Replacing a Deck Plank

  • 01 of 07

    Replacing a Damaged Wood Deck Board

    cupped deck boards
    Wooden deck boards can cup depending on how they are laid down.

    Replacing a rotted, split, or otherwise damaged deck board is almost as simple as cutting out the old board and replacing it with new material. The only additional step is installing lumber support blocks alongside the joists (the horizontal structural members supporting the deck boards). This method works well if you don't want to remove and replace the entire board. Alternatively, you can simply remove the old board entirely and replace it with a matching length of new decking. 

    Supplies Needed:

    • Eye protection
    • Speed square
    • Pencil
    • Jigsaw
    • Drill-driver
    • Pressure-treated 2x4 board, 24 inches long
    • Tape measure
    • Circular saw or miter saw (optional)
    • 1/8-inch drill bit
    • 2 1/2-inch and 3-inch deck screws
    • Deck board lumber that matches the old deck boards
    • Deck wood finish (as needed)
    Continue to 2 of 7 below.
  • 02 of 07

    Plan the Cut

    Examine the area around the damaged section of board, noting the locations of the neighboring joists. The goal is to cut out the damaged section cleanly and make the repair look as natural as possible. It looks best if the cuts are at least one joist space away from the joints on any adjacent boards. The cut-out section must span at least two joist spaces, for long-term stability. Identify the two joists where you will make the cuts to remove the bad section of deck board. Use the speed square to mark the bad deck board along the inside face of each joist. 
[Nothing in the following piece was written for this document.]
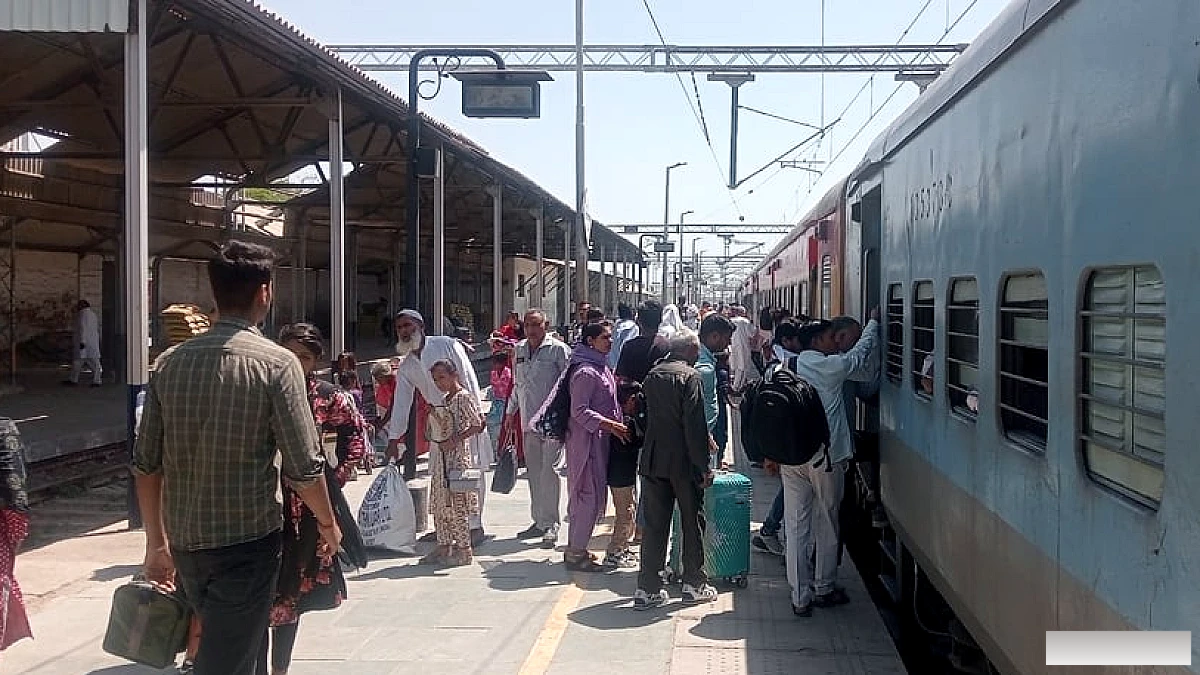 दिल्ली जाने वाली कई ट्रेनें रद्द, अलीगढ़ की पांच ईएमयू भी नहीं चलेंगी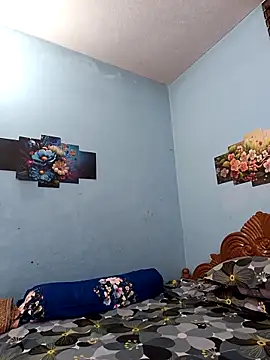 Snapshot of Cute_Faria chatting on 02/06/26, 04:28 Cute Faria online show from 02/06/26, 04:28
    Continue to 3 of 7 below.
  • 03 of 07

    Remove the Bad Section

    Put on eye protection. Cut along the marked lines on the deck board, using a jigsaw. You can use the speed square to guide the saw, if you're comfortable with this technique. Otherwise, simply follow the line carefully for a straight cut. The saw blade should cut right along the inside face of the joist. Remove the screws securing the damaged section of deck board, using a drill-driver (if the board is nailed, pry up the nails with a cat's paw or pry bar). Remove the board section. 

    Continue to 4 of 7 below.
  • 04 of 07

    Cut the Support Blocks

    Cut two 12-inch-long sections of 2x4 lumber for the support blocks, using a circular saw, miter saw, or jigsaw. Drill two pilot holes through each block, about 2 inches from each end, using a drill and 1/8-inch bit. 
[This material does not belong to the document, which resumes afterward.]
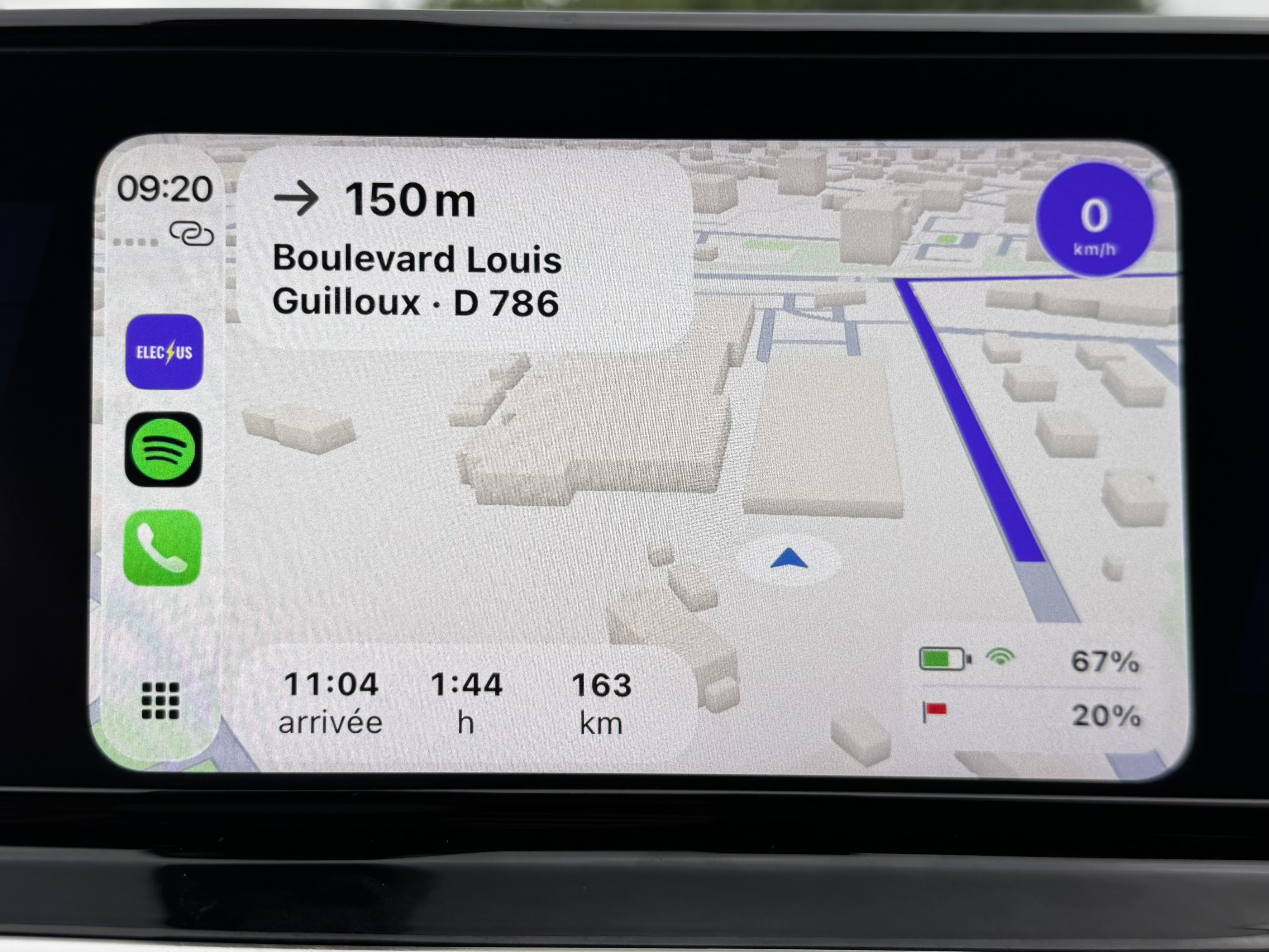 Electus sur Apple CarPlay dans le tableau de bord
    Continue to 5 of 7 below.
  • 05 of 07

    Install the Support Blocks

    Position each block against one of the inside faces of the joists where you made the cuts so the block is centered under the opening where the board was removed. Pull up the block so it is tight against the undersides of the neighboring deck boards. Fasten the block to the joist with four 2 1/2-inch deck screws. Install both blocks using the same techniques. 

    Continue to 6 of 7 below.
  • 06 of 07

    Cut New Deck Board

    Deck Board Bark Side Down
    Bark Side Down Deck Board. © 2006

    Cut the new deck board to fit snugly in cut-out area. Note the end-grain pattern of the replacement board: If the rings of the end grain are roughly parallel to the board's width (grain runs side to side), position the board so the curve of the rings faces down (this is called the bark side and indicates where the bark was on the tree). If the grain is perpendicular to the board width (grain runs up and down), you can place the board either way, but if it has a slight cup, or curve, place it with the convex side facing up. This will help prevent cupping as the board weathers.

    Continue to 7 of 7 below.
  • 07 of 07

    Install the New Deck Board

    Place the board onto the support blocks with the bark side or concave side facing down. Drill two pilot holes through the board at each end, about 3/4 inch from the end (so the holes are centered over the support block thickness). Also drill a pair of pilot holes at any other joists that the board spans over. Fasten the board to each support block (and any joists) with a pair of 3-inch deck screws. Finish the new board to protect it from weathering and to match the coloring of the existing decking.